The weborigami.org site implements the JSON Keys protocol, so we can use this site to demonstrate this ExplorableSiteMap class. For example, https://weborigami.org/samples/posts/.keys.json is a file that lists the files in that specific site area:

["post1.md","post2.md","post3.md"]

Those files contain the same sample content we’ve been using in this walkthrough, so post1.md contains:

This is **post 1**.

We can then represent that area as an async map:

/* src/async/remote.js */

import ExplorableSiteMap from "./ExplorableSiteMap.js";

export default new ExplorableSiteMap("https://weborigami.org/samples/posts/");

Testing #

We can adapt our tests so that they can cope with an async map using await.

From inside the src/async directory, confirm that the tests pass:

$ cd ../async
$ node remote.test.js# tests 3
# pass 3
# fail 0

These passing tests are retrieving the expected data from the weborigami.org site.

Tools for working with async maps #

We can adapt our json utility to dump an async map to the console.
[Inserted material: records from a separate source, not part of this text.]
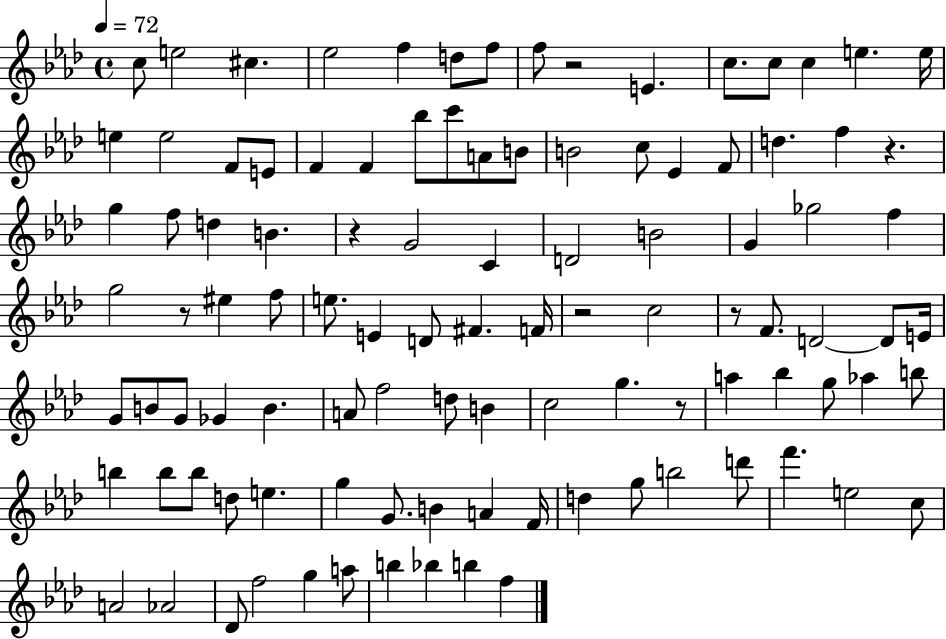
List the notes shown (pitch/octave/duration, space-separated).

C5/e E5/h C#5/q. Eb5/h F5/q D5/e F5/e F5/e R/h E4/q. C5/e. C5/e C5/q E5/q. E5/s E5/q E5/h F4/e E4/e F4/q F4/q Bb5/e C6/e A4/e B4/e B4/h C5/e Eb4/q F4/e D5/q. F5/q R/q. G5/q F5/e D5/q B4/q. R/q G4/h C4/q D4/h B4/h G4/q Gb5/h F5/q G5/h R/e EIS5/q F5/e E5/e. E4/q D4/e F#4/q. F4/s R/h C5/h R/e F4/e. D4/h D4/e E4/s G4/e B4/e G4/e Gb4/q B4/q. A4/e F5/h D5/e B4/q C5/h G5/q. R/e A5/q Bb5/q G5/e Ab5/q B5/e B5/q B5/e B5/e D5/e E5/q. G5/q G4/e. B4/q A4/q F4/s D5/q G5/e B5/h D6/e F6/q. E5/h C5/e A4/h Ab4/h Db4/e F5/h G5/q A5/e B5/q Bb5/q B5/q F5/q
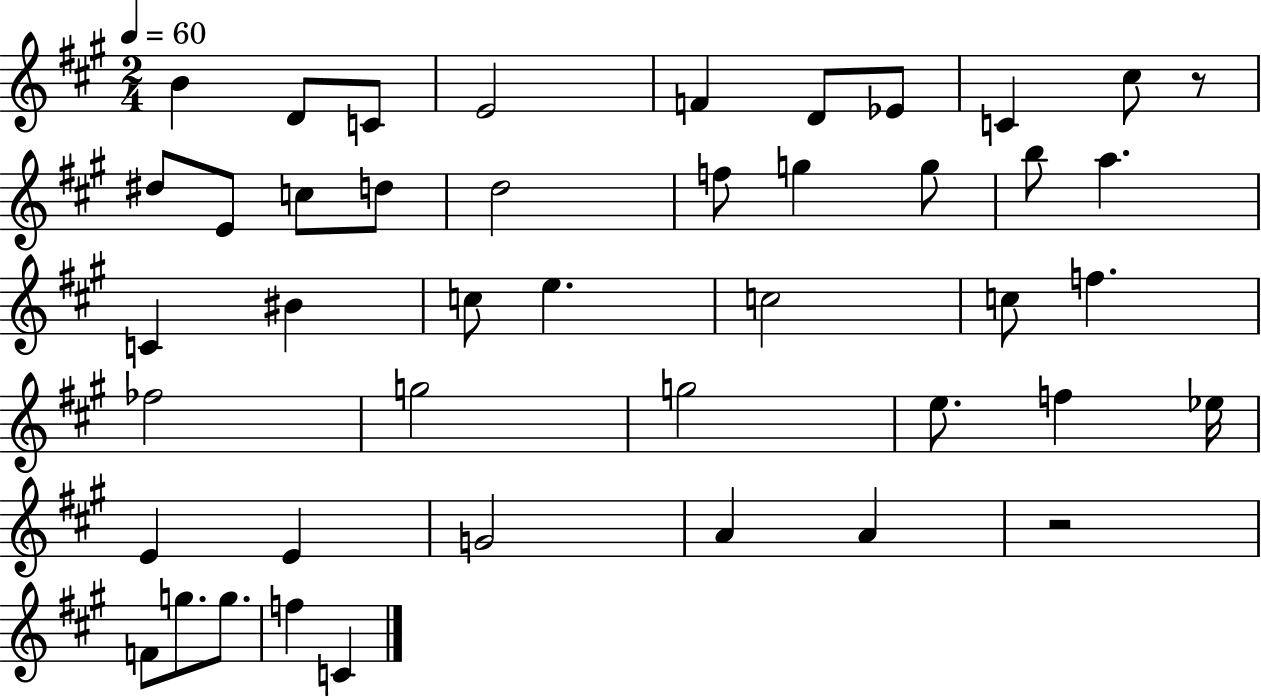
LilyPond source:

{
  \clef treble
  \numericTimeSignature
  \time 2/4
  \key a \major
  \tempo 4 = 60
  \repeat volta 2 { b'4 d'8 c'8 | e'2 | f'4 d'8 ees'8 | c'4 cis''8 r8 | \break dis''8 e'8 c''8 d''8 | d''2 | f''8 g''4 g''8 | b''8 a''4. | \break c'4 bis'4 | c''8 e''4. | c''2 | c''8 f''4. | \break fes''2 | g''2 | g''2 | e''8. f''4 ees''16 | \break e'4 e'4 | g'2 | a'4 a'4 | r2 | \break f'8 g''8. g''8. | f''4 c'4 | } \bar "|."
}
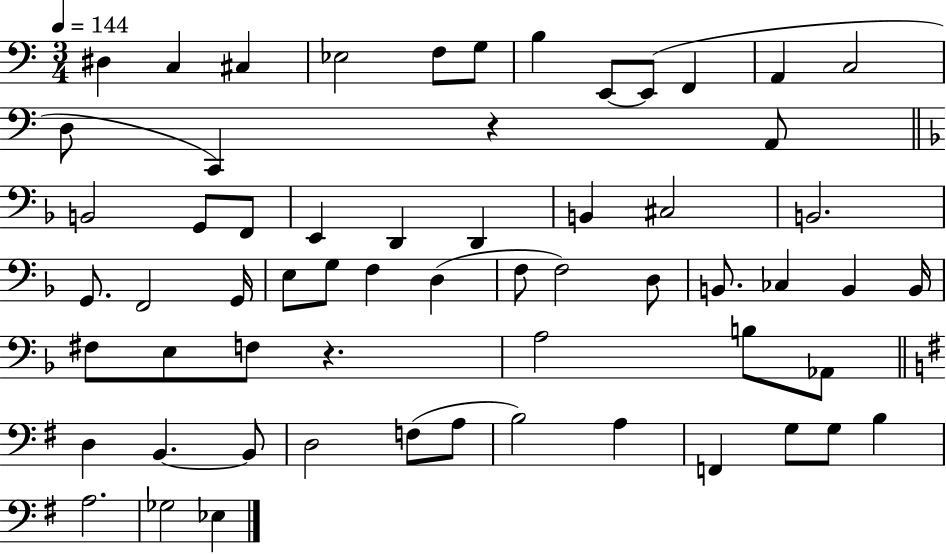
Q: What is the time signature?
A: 3/4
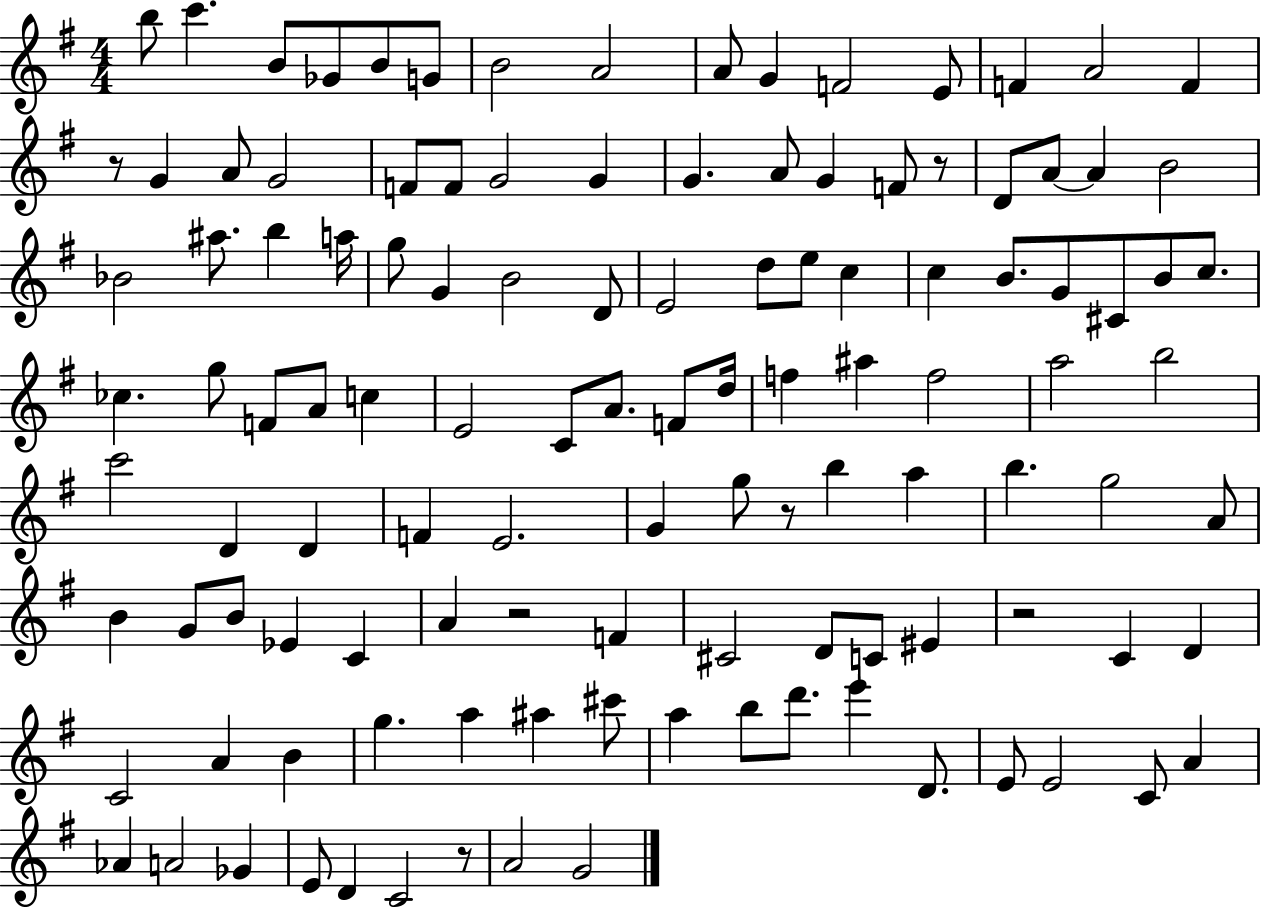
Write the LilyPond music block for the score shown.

{
  \clef treble
  \numericTimeSignature
  \time 4/4
  \key g \major
  b''8 c'''4. b'8 ges'8 b'8 g'8 | b'2 a'2 | a'8 g'4 f'2 e'8 | f'4 a'2 f'4 | \break r8 g'4 a'8 g'2 | f'8 f'8 g'2 g'4 | g'4. a'8 g'4 f'8 r8 | d'8 a'8~~ a'4 b'2 | \break bes'2 ais''8. b''4 a''16 | g''8 g'4 b'2 d'8 | e'2 d''8 e''8 c''4 | c''4 b'8. g'8 cis'8 b'8 c''8. | \break ces''4. g''8 f'8 a'8 c''4 | e'2 c'8 a'8. f'8 d''16 | f''4 ais''4 f''2 | a''2 b''2 | \break c'''2 d'4 d'4 | f'4 e'2. | g'4 g''8 r8 b''4 a''4 | b''4. g''2 a'8 | \break b'4 g'8 b'8 ees'4 c'4 | a'4 r2 f'4 | cis'2 d'8 c'8 eis'4 | r2 c'4 d'4 | \break c'2 a'4 b'4 | g''4. a''4 ais''4 cis'''8 | a''4 b''8 d'''8. e'''4 d'8. | e'8 e'2 c'8 a'4 | \break aes'4 a'2 ges'4 | e'8 d'4 c'2 r8 | a'2 g'2 | \bar "|."
}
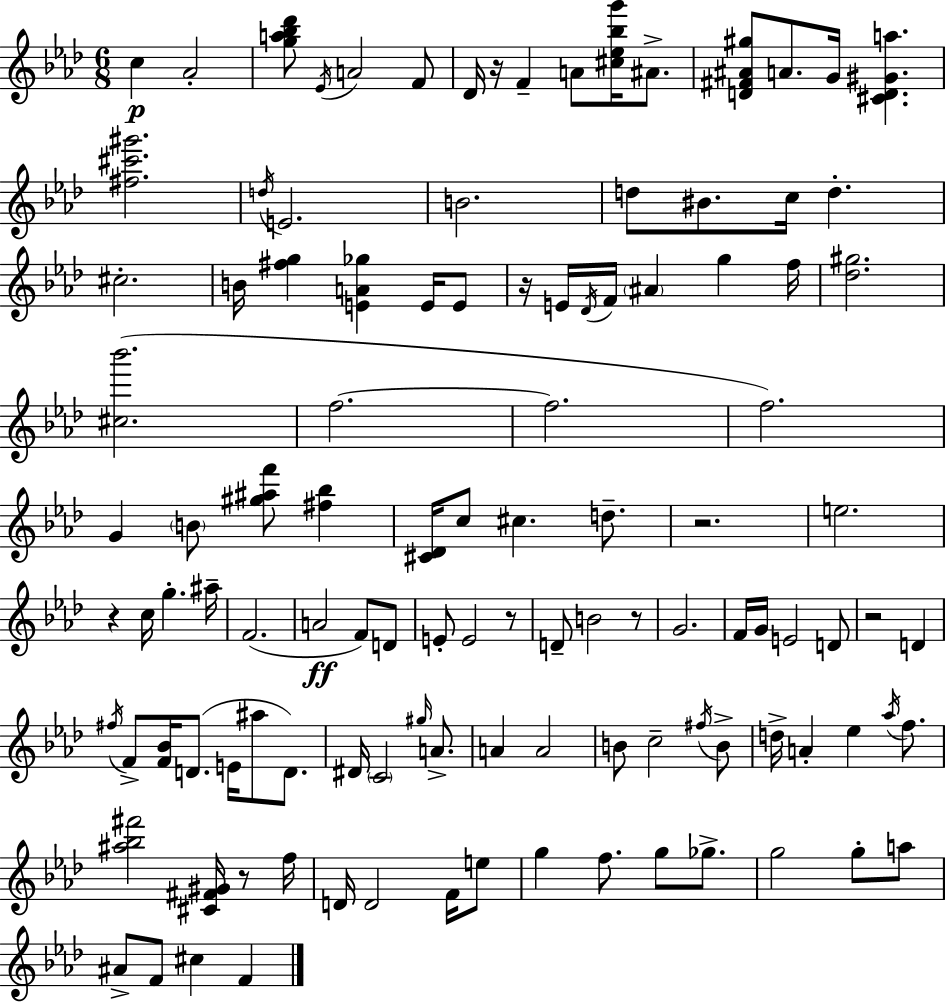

We update the plain function to use a for await loop to process the async keys, and likewise uses await to call the async get method for a given key.

/* src/async/json.js */

// Resolve an async map to an object with string keys and string values.
async function plain(tree) {
  const result = {};
  // Get each of the values from the tree.
  for await (const key of tree.keys()) {
    const value = await tree.get(key);

    // Is the value itself map-like?
    const isMap =
      typeof value?.get === "function" && typeof value?.keys === "function";

    result[key.toString()] = isMap
      ? await plain(value) // Recurse into subtree.
      : value.toString();
  }
  return result;
}

We can then use this json utility to dump our posts from the network site to the console:

$ node json remote.js
{
  "post1.md": "This is **post 1**.",
  "post2.md": "This is **post 2**.",
  "post3.md": "This is **post 3**."
}

As before, all of the data looks the same — but is now coming from a server. Each of those keys came from the server’s .keys.json file, and each of those values came from the respective server file.

Happily, this async json utility will still be able to process our regular, synchronous Map classes too. The JavaScript for await statement and await keyword are flexible enough that they work even if a map’s get and keys methods are synchronous. The use of the async features for a sync map will have a minor impact on performance, but in exchange tools like the json utility can be made to work with both sync and async maps.

It would be possible, with a modest amount of work, to extend our complete set of map-based tooling to work with async maps:

  • We could adapt HtmlMap to accept an async map as the source of markdown content.
  • We could adapt serve.js to serve content from an async map.
  • We could adapt copy.js to copy content from one async map to another.

Having the underlying infrastructure accommodate both sync and async maps would confer a great deal of flexibility. We could, for example, redefine our site to directly pull the markdown content from a server.